Esempi banali, ma il senso è: possiamo provare a modificare un poco i pilastri su cui poggiano tutte le nostre credenze e le nostre ambizioni?
L’importanza e la responsabilità dell’istruzione
Che l’essere umano sia mediamente competitivo, curioso ed ambizioso è innegabile. Così come è innegabile che l’uomo sia anche aggressivo – portato a ricorrere al male principalmente, pur non solo, per difendersi – e per rispondere comunque all’istinto di sopravvivenza.
Detto ciò e fatte queste premesse, se indirizziamo le persone fin da piccole in una direzione prettamente produttiva, estremamente competitiva e inevitabilmente anche crudele, non possiamo poi cadere dalle nuvole quando le cose prendono una brutta piega.

Non siamo del tutto immuni da responsabilità quando ci troviamo a vivere momenti storici come questi. Lo studio del Politecnico di Bari ha evidenziato il connubio inquinamento Covid19, passato un po’ in sordina, perché mina le basi economiche sulle quali poggia la nostra società. Abbiamo assistito – e assistiamo – a competizioni economiche sempre più massicce, che se ne sono spesso infischiate del danno fatto all’ambiente. E in queste competizioni siamo coinvolti in molti. La competizione è nella natura dell’uomo e può portare ad un crescendo di lotta per il potere, fino alla deriva delle guerre.

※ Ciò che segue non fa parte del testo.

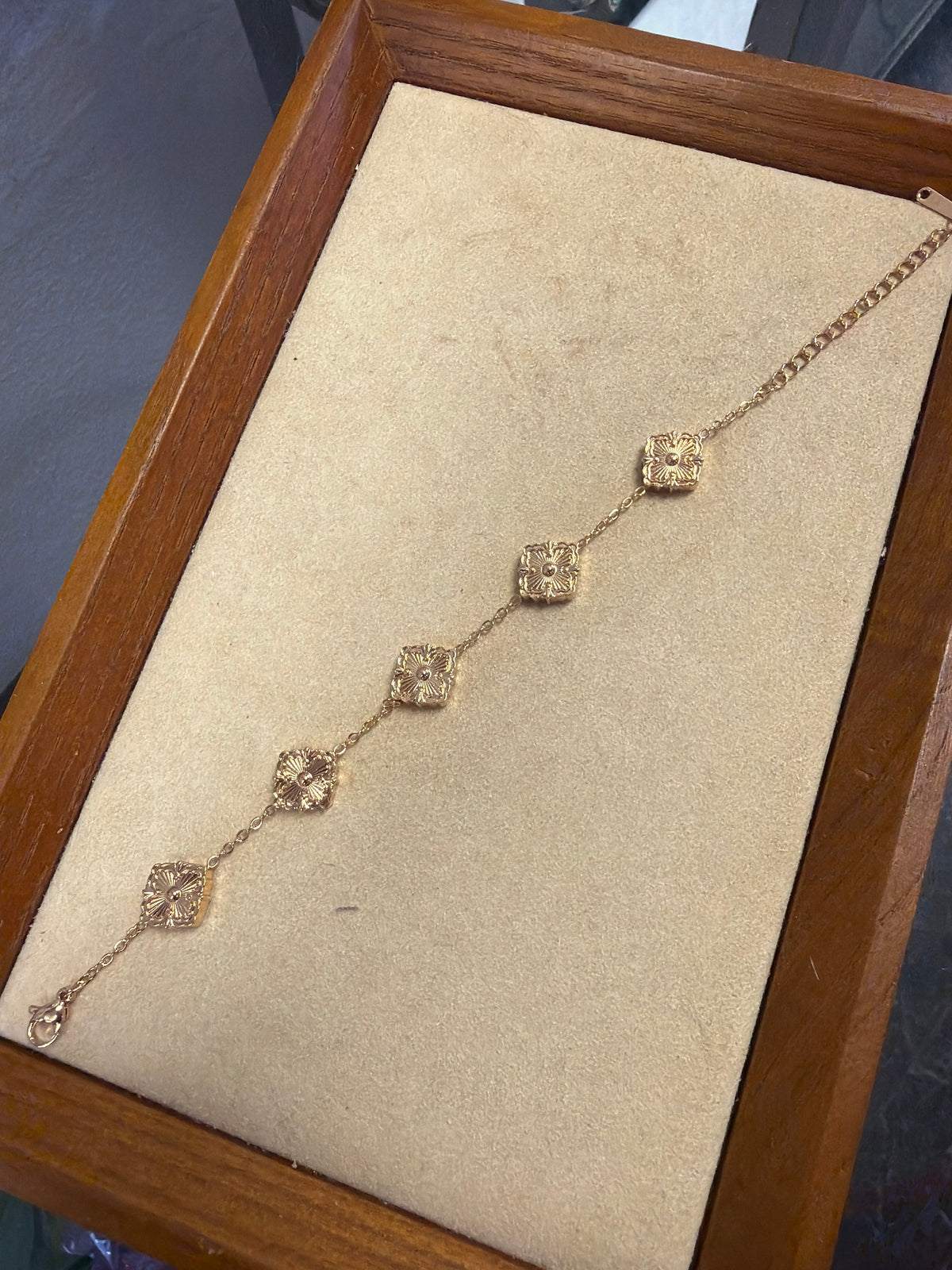 Stainless Steel Gold Plated Fancy Clover Necklace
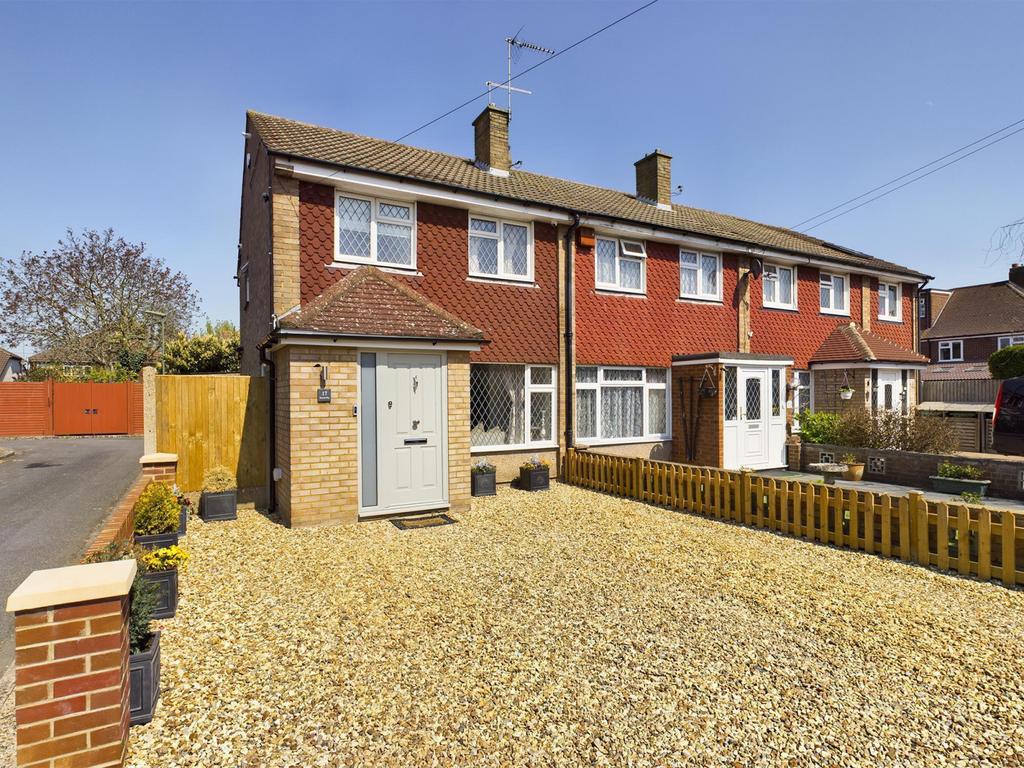 Stroud Way, Ashford, Surrey, TW15 3 bed end of terrace house for sale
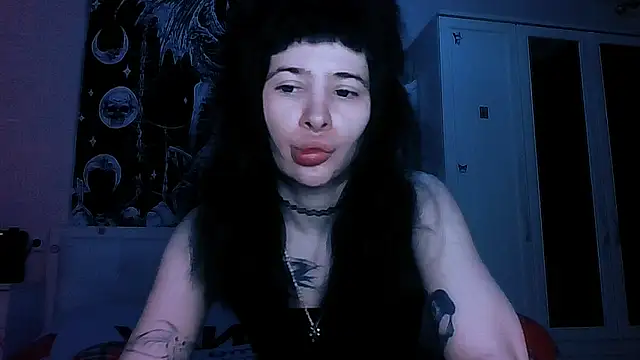 Snapshot of AllisonDeetz chatting on April 14, 2026, 5:41 pm AllisonDeetz online show from April 14, 2026, 5:41 pm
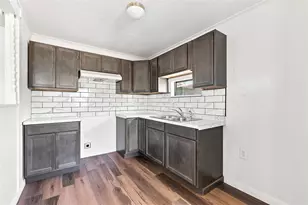 1818 Willis Ln, Bellmead, TX 76704 - Photo 4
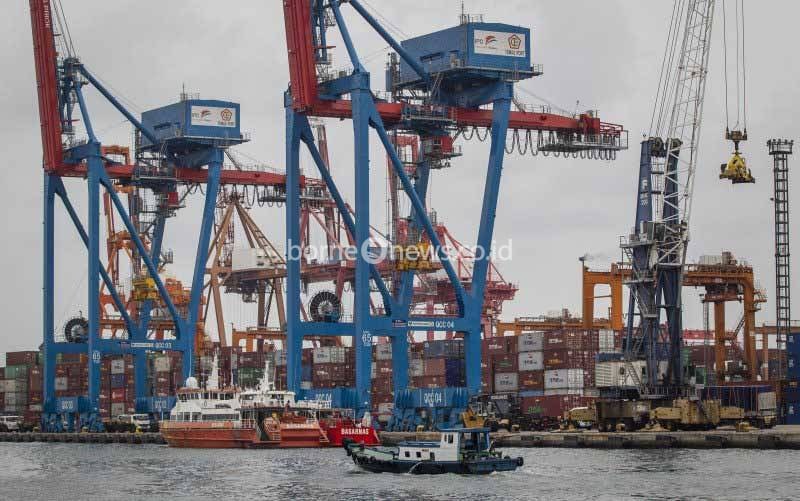 Suasana aktivitas bongkar muat peti kemas di Pelabuhan Tanjung Priok, Jakarta Utara, Kamis (21/1/2021). (foto : ANTARA FOTO/Dhemas Reviyanto)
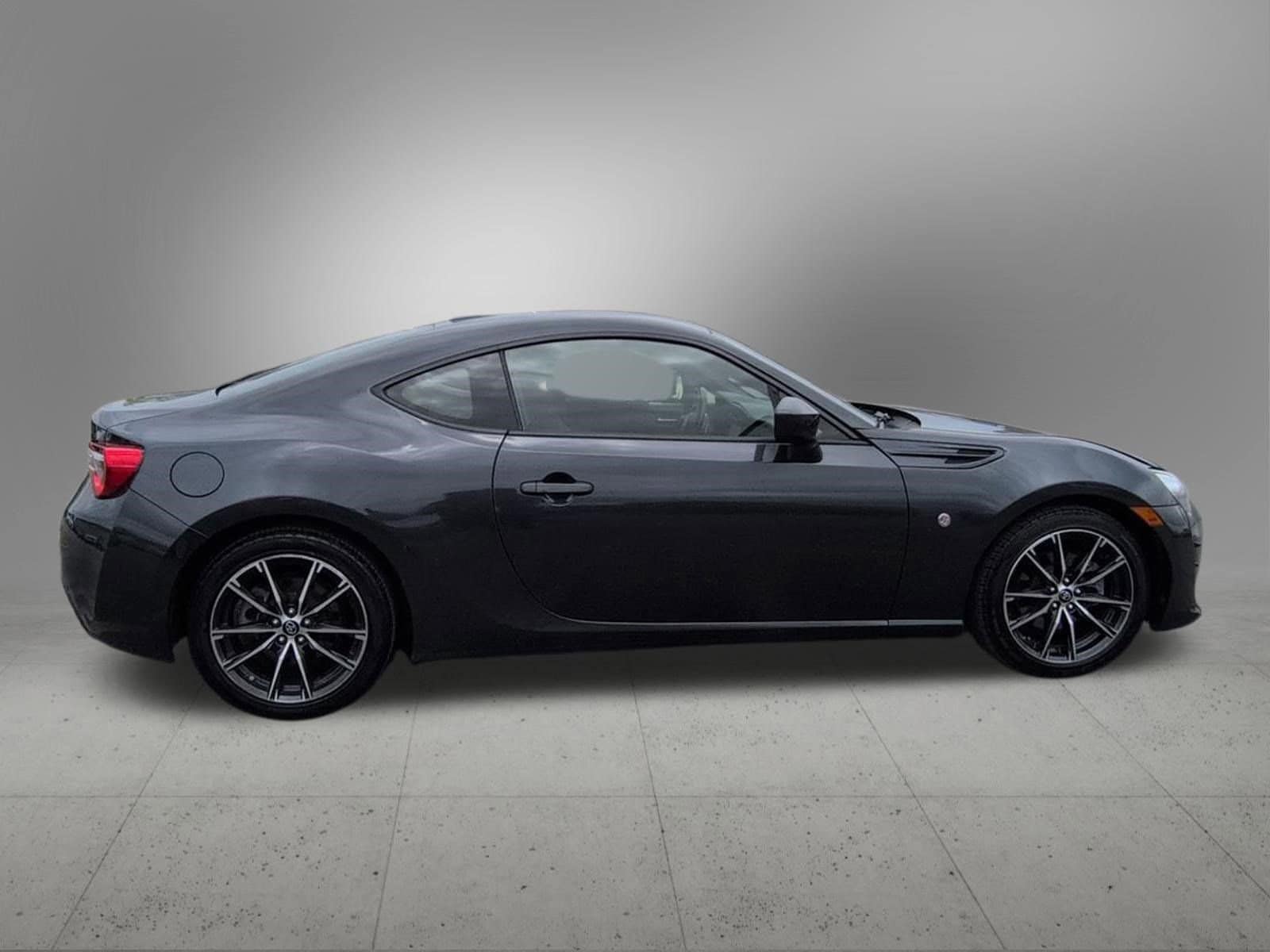 Thumbnail: 2017 Toyota 86 - 7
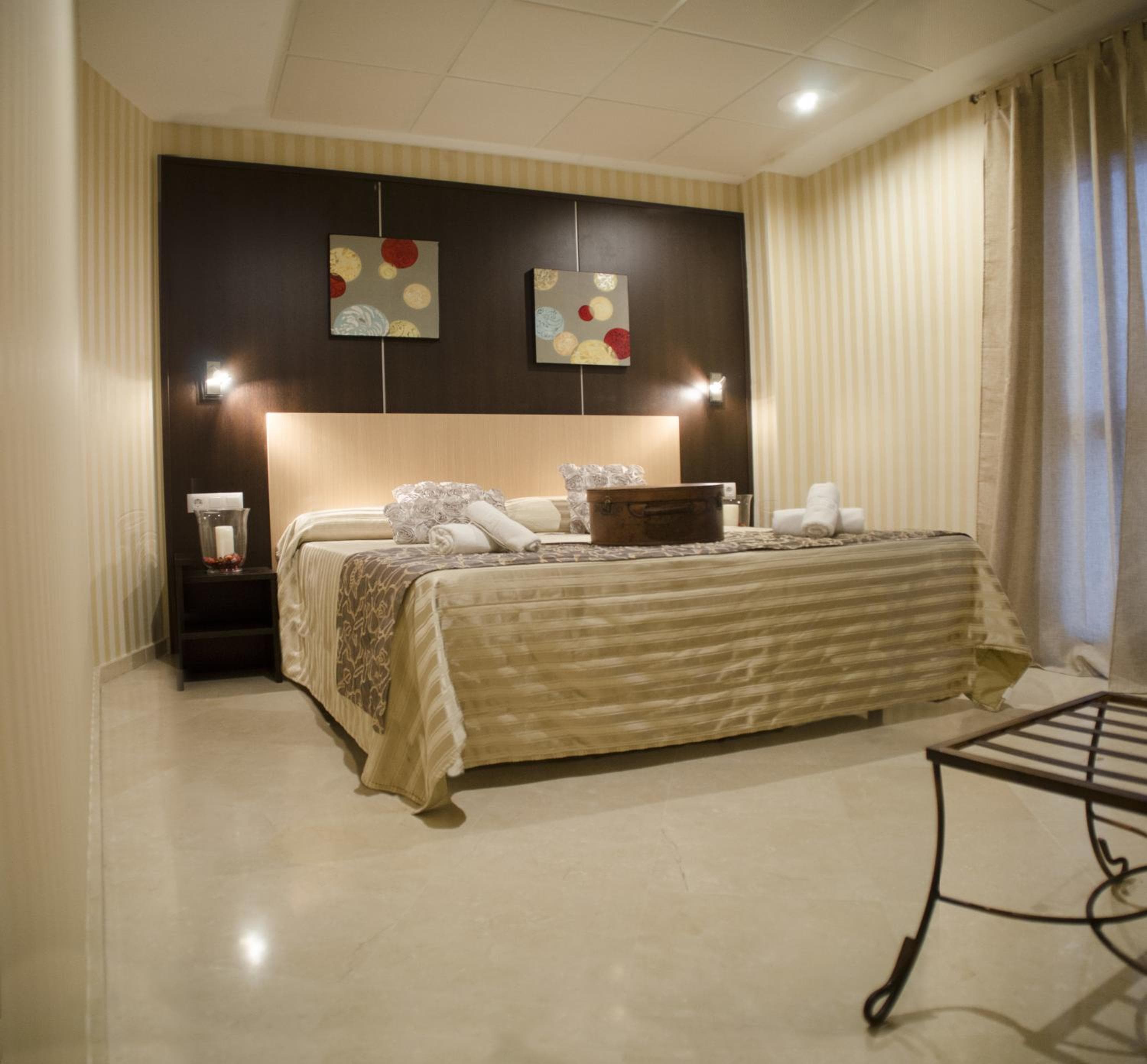 Hotel Duquesa — 21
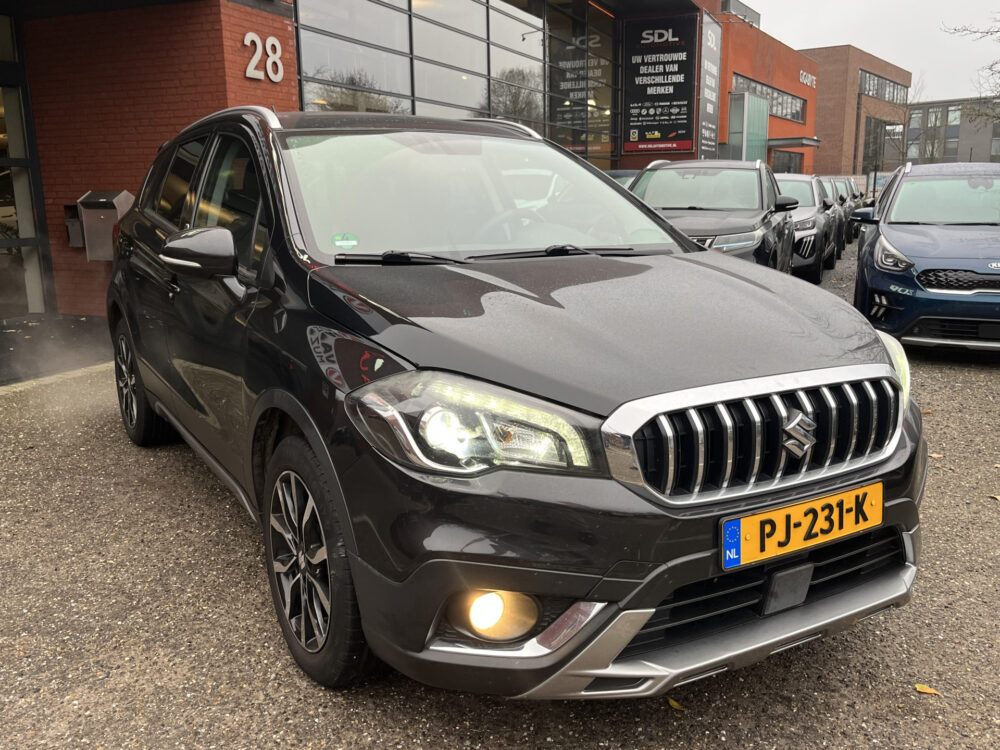 Suzuki S-Cross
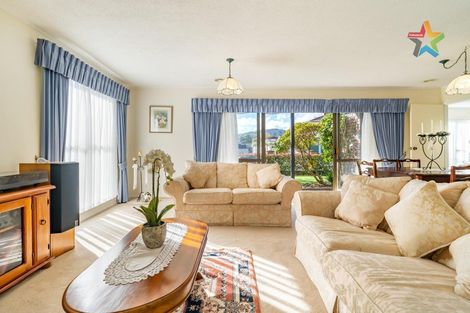 Photo of property in 22 Waddington Drive, Naenae, Lower Hutt, 5011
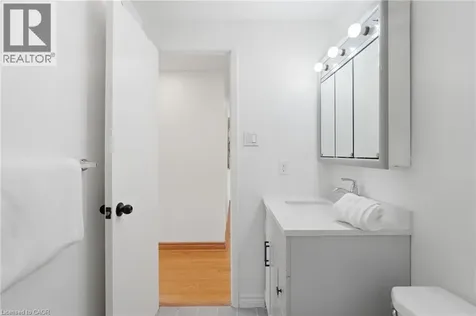58 Onslow Court Oakville ON L6H 1J2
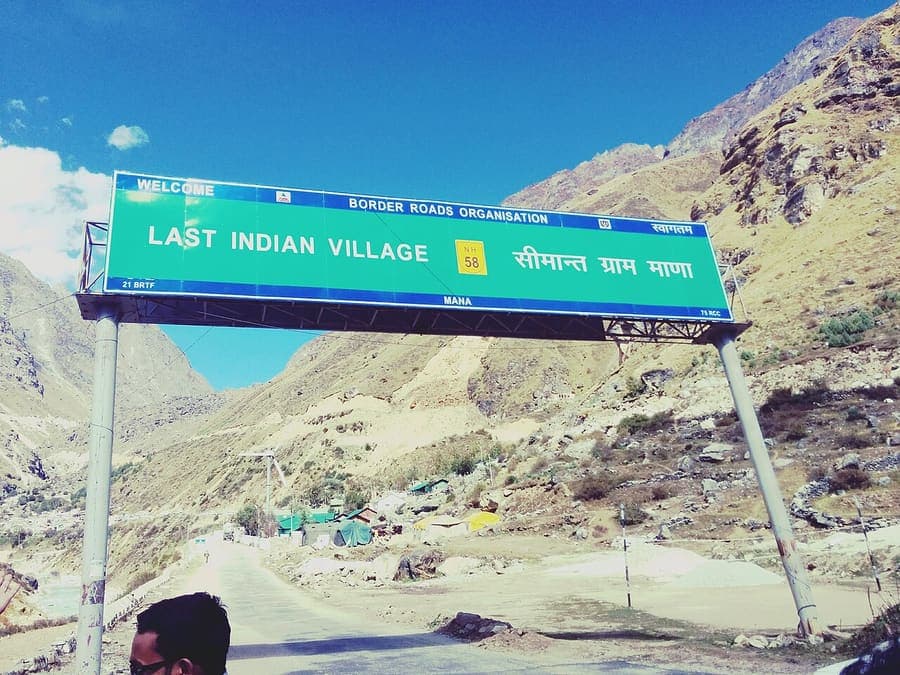 Mana village, Badrinath — The last village before Tibet.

Parte però tutto dal valore che diamo alle componenti della vita. Alcune, come quelle citate prima (filosofia, arte, attenzione al prossimo, dialogo), sono considerate troppo spesso marginali, quasi tempo perso, e il cosiddetto “progresso” non le contempla come particolarmente utili.
COP 26, e poi…siamo luci e ombre
Per concludere, non possiamo eliminare i nostri istinti animali volti a competere ed a primeggiare. Questo non è possibile, è solo un ideale buonista che non fa parte del nostro essere e della nostra evoluzione della specie. Se pensiamo che sia possibile avere un mondo etico e perfetto , rimarremo certamente delusi.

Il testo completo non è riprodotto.